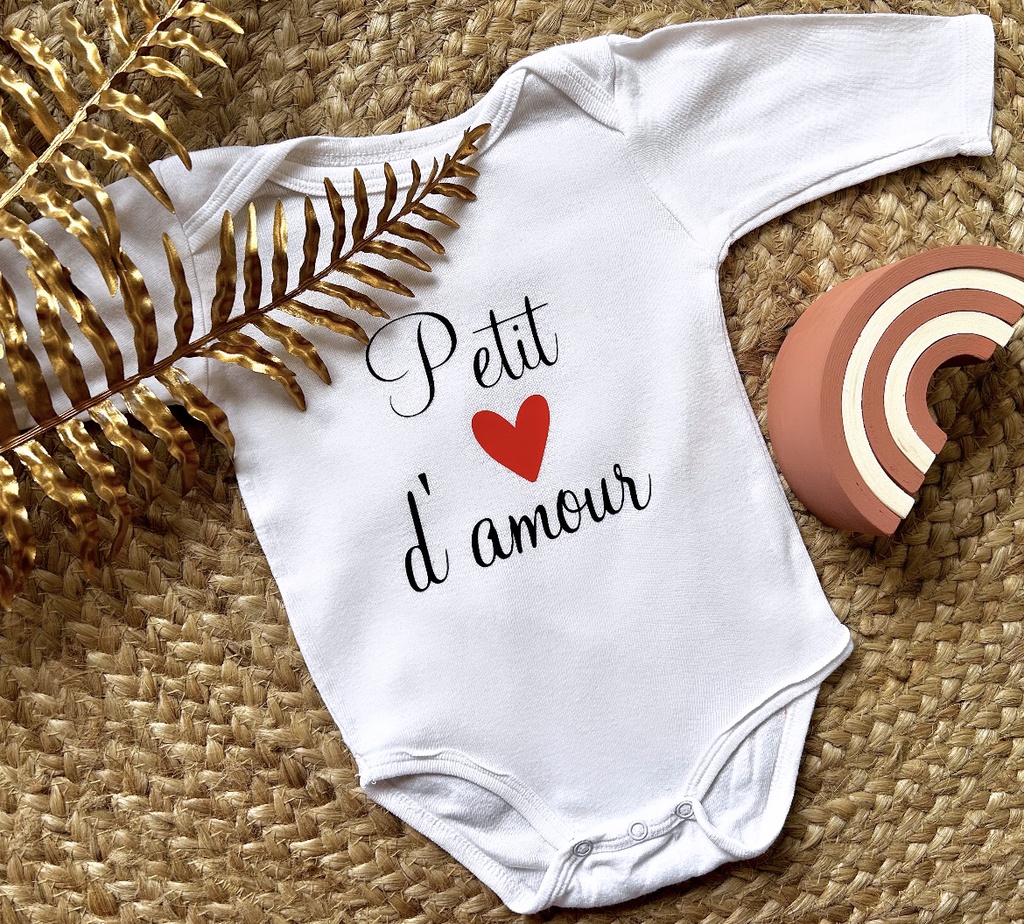 T-shirt personnalisé "Petit ❤ d'amour"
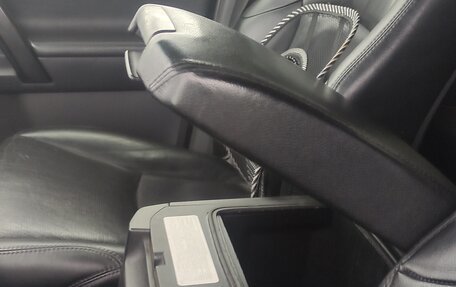 Toyota Land Cruiser Prado 150 рестайлинг 2, 2013 год, 2 700 000 рублей, 22 фотография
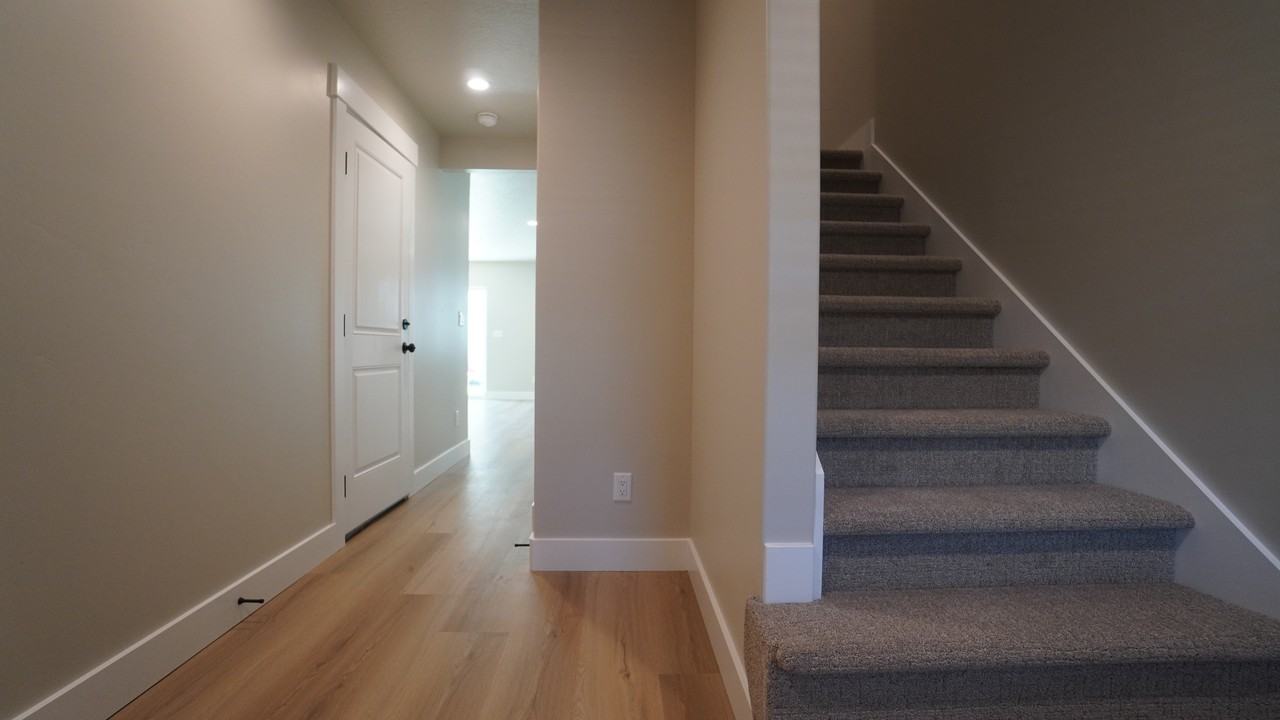 332 Boots Ln - Photo 3 of 27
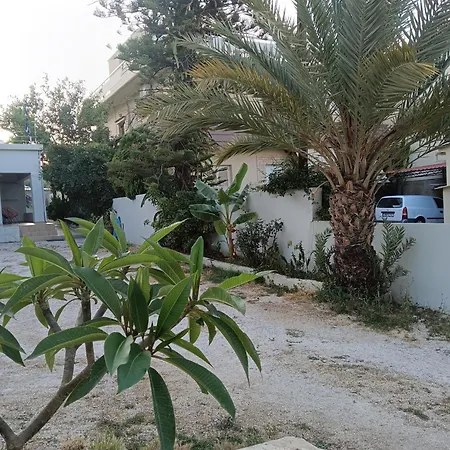 Jane, Quiet, Luxurious, Family Friendly, Spacious, Close To The Beach!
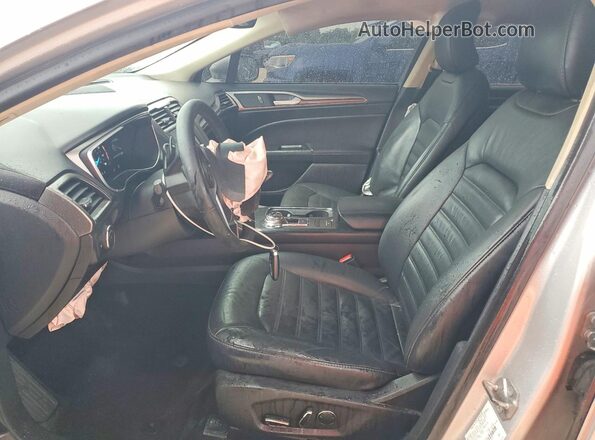 3FA6P0HD4HR136257 2017 FORD FUSION Silver წინა სალონის ხედი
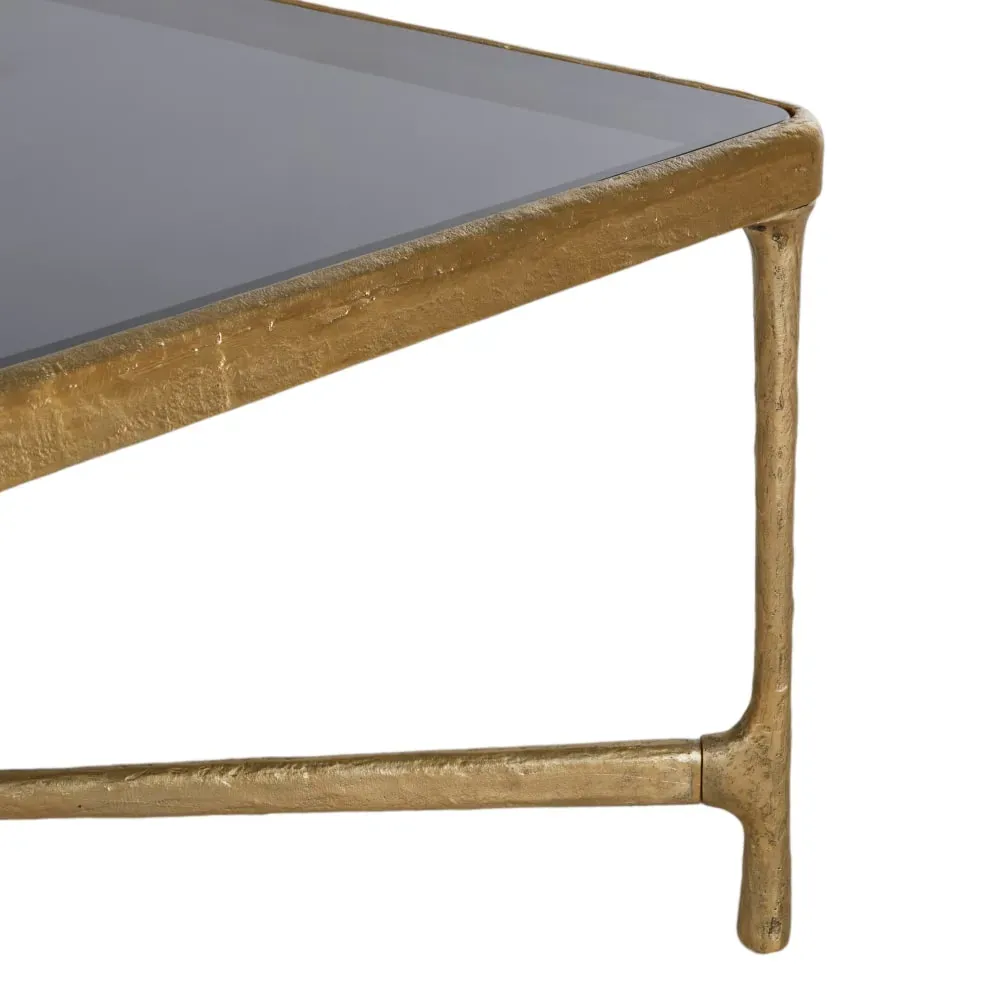 Illustration numéro 3 du produit Table basse en métal effet laiton vieilli et verre trempé L81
++++
EXERCISE DIRECTIONS
Excluding all pictures, reproduce the records exactly as they appear above.

EXERCISE SOLUTION
 T-shirt personnalisé "Petit ❤ d'amour"
 Toyota Land Cruiser Prado 150 рестайлинг 2, 2013 год, 2 700 000 рублей, 22 фотография
 332 Boots Ln - Photo 3 of 27
 Jane, Quiet, Luxurious, Family Friendly, Spacious, Close To The Beach!
 3FA6P0HD4HR136257 2017 FORD FUSION Silver წინა სალონის ხედი
 Illustration numéro 3 du produit Table basse en métal effet laiton vieilli et verre trempé L81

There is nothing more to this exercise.